First, let me short-circuit any alarm that this question might raise, perhaps particularly in the minds of newly (or aspiring) adoptive parents. I love my kids – and I do think of them as “my” kids, even on the worst days. I know my husband feels the same way. We would do anything for them, even take an extra turn taking out the trash or cleaning up the dishes when we just can’t summon up the energy to enforce the chore chart. Which, depending on your point of view, makes us loving or lazy parents. Take your pick.
I’ve often thought about this question as I’ve been elbow deep in dinner dishes, and I’ve decided that, just as my feelings for Chris and Sarah (and theirs for me) shift from day to day, it’s very likely that it would have been the same way for a biological child. It might have been easier to connect and bond with a child who shares my DNA, I don’t know. What I DO know is that for the past fourteen years, I’ve tried to act loving even when my feelings didn’t measure up. Because that’s what you do when you truly love someone.
This is a lesson we’ve been trying to teach the kids as well. Like many teenagers, they have conflicting feelings about their place in the family at times. (And at times, those feelings seem to target their sibling, with whom they share a genetic link.)
Now, loving under these circumstances requires a certain kind of stubborn stick-to-it-iveness that is very different from the warm-and-fuzzy devotion that kept us plodding through that sleep-deprived haze of the first year. It can be a bit like hugging a cactus, actually. Is it the same as what biological parents of teens experience? I don’t know.
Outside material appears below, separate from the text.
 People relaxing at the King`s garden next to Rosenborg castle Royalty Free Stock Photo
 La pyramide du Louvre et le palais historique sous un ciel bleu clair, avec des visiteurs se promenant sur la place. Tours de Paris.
Then again, it doesn’t really matter, does it?
When the kid snarls at you (like many teenagers do), or wishes aloud that they didn’t have to live with you (ditto), there can be underlying dynamics that are unique to adoption that make the barbs especially painful, and the instinct to love that much harder to find on a purely human level.
That’s when I’m most grateful that the love comes not in feeling loving, but in the doing.
It’s about being empathetic and not give in to misgivings that “I’m not enough” when a child inexplicably bursts into tears at a scene near the end of “The Good Dinosaur”: “I’m sorry you’re sad. I wonder if this scene of the boy and his family reminded you of your birth mom. Is that it?” (Emphatic nods. Extra cuddles.)
It’s about stifling the eye roll when an outraged child accuses us of expecting them to be “perfect” and refusing to join in the family Rosary one night. “Of course we don’t expect perfection. That’s WHY we pray the Rosary. We all need all the help we can get. Now, go and sit by your father and listen quietly, or join in if you wish.”
It’s about not giving in to resentment when your teen reminds you that she is OUT OF HERE the moment she turns eighteen, “Yes, I know you would rather live with ____.” (I know some bio parents who have had similar conversations.) “In four more years you can make that choice. In the meantime, you need to fold the laundry.”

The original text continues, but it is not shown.